Cade stood, arranged the tactical goggles back down, and looked directly behind him, down a short tree-lined street to the two-lane highway beyond. He followed a trail of dust being kicked up on the seldom used road by something moving fast. The goggles instantly offered up the speed and alternate views from the closest drone. None of that helped; they had positioned the drones to the south, toward the border—that was the direction you would expect a Mexican drug cartel to come from. Near his leg, Cochise was on full alert. The dog understood fully what was going on.
All it seemed they had been doing since the Janus events, something now colloquially referred to as The Troubles, was putting out criminal brush fires like this.
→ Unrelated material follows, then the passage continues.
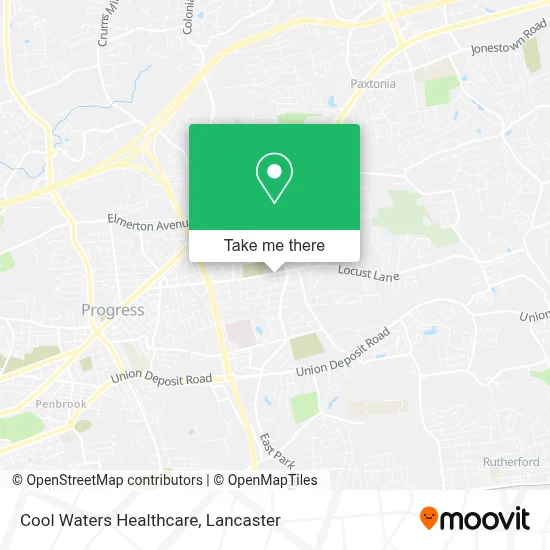 Cool Waters Healthcare map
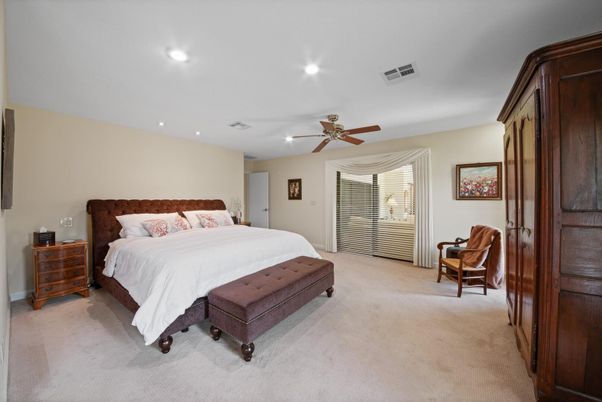 Bedroom, Interior, Recessed Lighting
In America’s weakened state, corruption was rampant, inflation was out of control, and most police forces had their ranks decimated. The vermin had moved in almost overnight like a bunch of cockroaches snatching crumbs. Unfortunately, these cockroaches had the money and the manpower. They’d been declaring war on border towns across three states.
“Greg, get those drones repositioned. Hammer, shift your position, please.” Cade missed his friend, Charlie; they worked well together. But his friend and former XO, call sign Deuce, was training a new team, WarHawk. McTee was now his new second, and Everett ‘Hammer’ Harrison was now the man on overwatch.